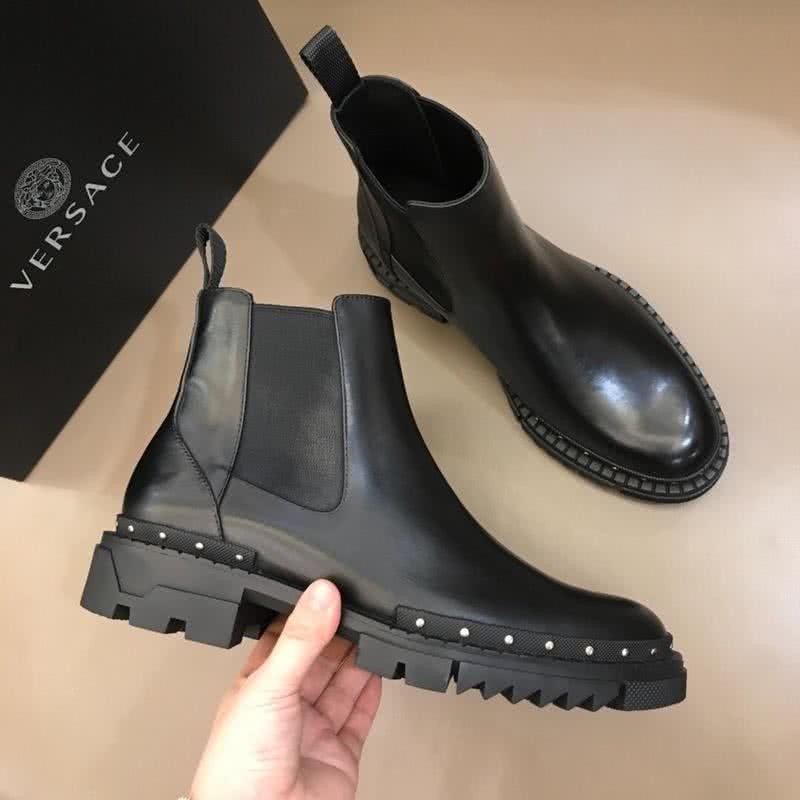 Versace Top Quality High-top Boots Black Men 4
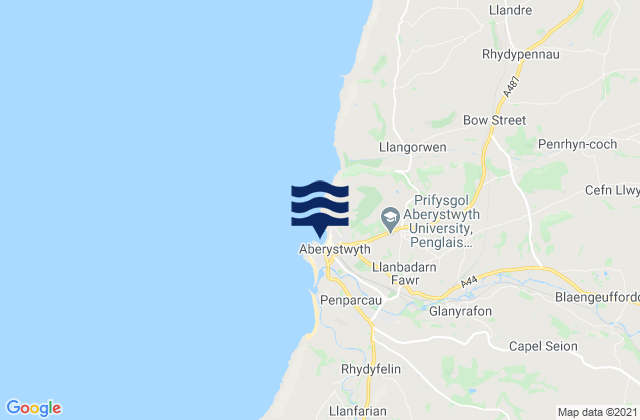 Aberystwyth - North Beach, United Kingdom tide times map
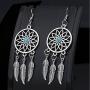 lauhonmin 3pcs Women Retro Silver Turquoise Feather Dream Catcher Pendant Necklace Earrings Set Family Friend Gift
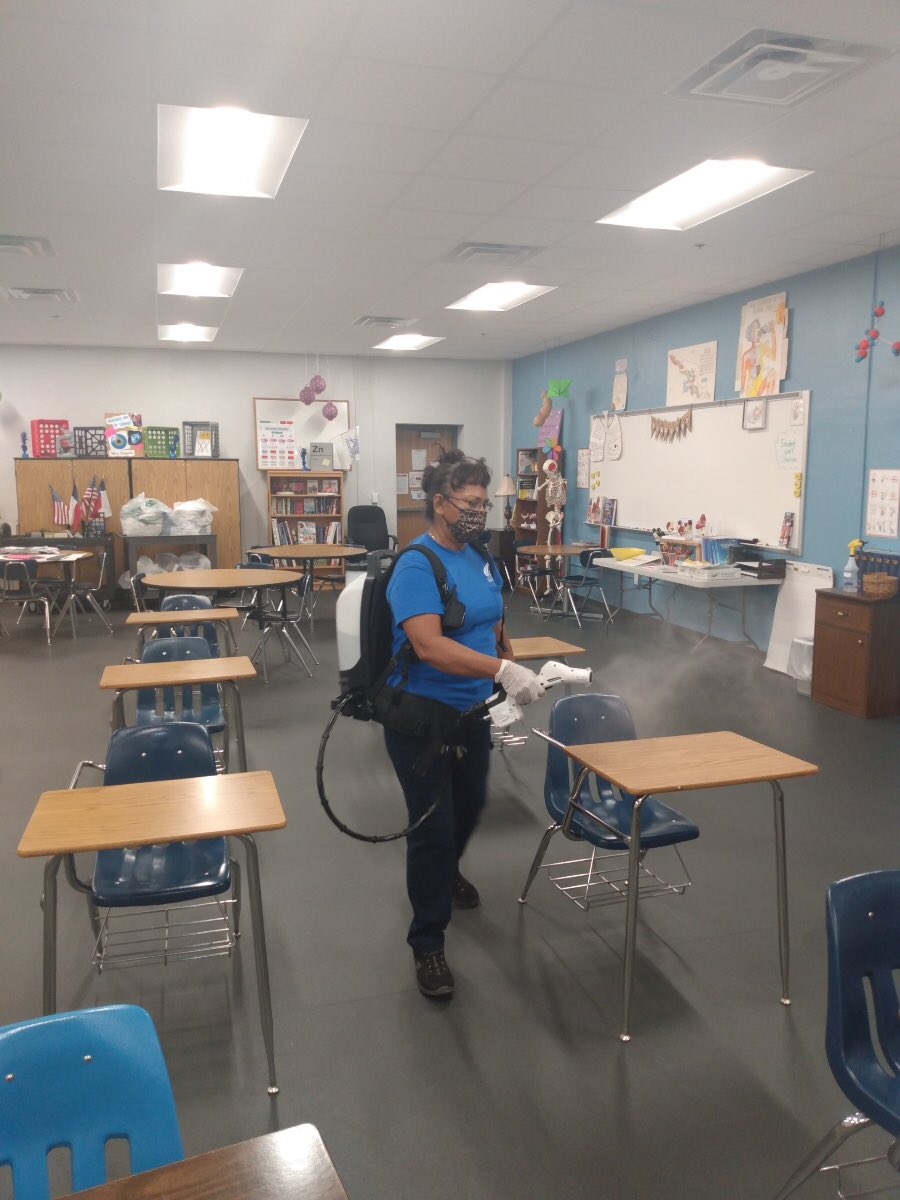 facilitiescfb's tweet photo. Our custodial team is always working hard to keep our schools cleaned and sanitized. #CustomerService #plantops #cleaning @CFBISD #loveourcustodians https://t.co/bbjUsFtYEW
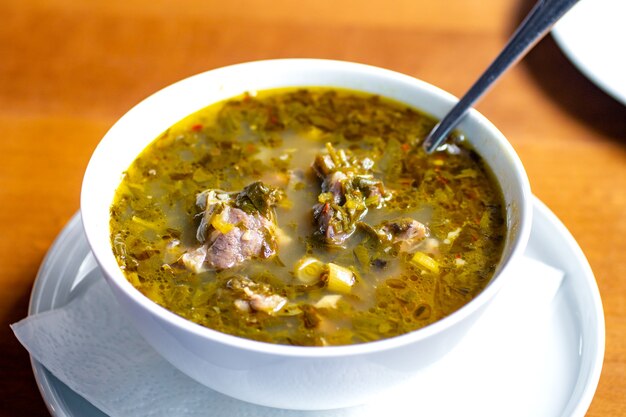 Chakapuli, sopa de carne y verduras en plato blanco, comida tradicional georgiana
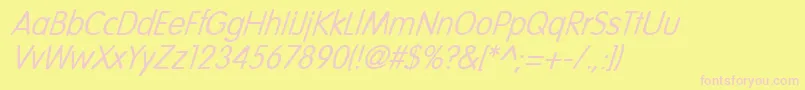 NicollItalic Font – Pink Fonts on Yellow Background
▬▬▬
Task objective
Copy the records above precisely, and leave every image out of the copy.

The completed task
 Versace Top Quality High-top Boots Black Men 4
 Aberystwyth - North Beach, United Kingdom tide times map
 lauhonmin 3pcs Women Retro Silver Turquoise Feather Dream Catcher Pendant Necklace Earrings Set Family Friend Gift
 facilitiescfb's tweet photo. Our custodial team is always working hard to keep our schools cleaned and sanitized. #CustomerService #plantops #cleaning @CFBISD #loveourcustodians https://t.co/bbjUsFtYEW
 Chakapuli, sopa de carne y verduras en plato blanco, comida tradicional georgiana
 NicollItalic Font – Pink Fonts on Yellow Background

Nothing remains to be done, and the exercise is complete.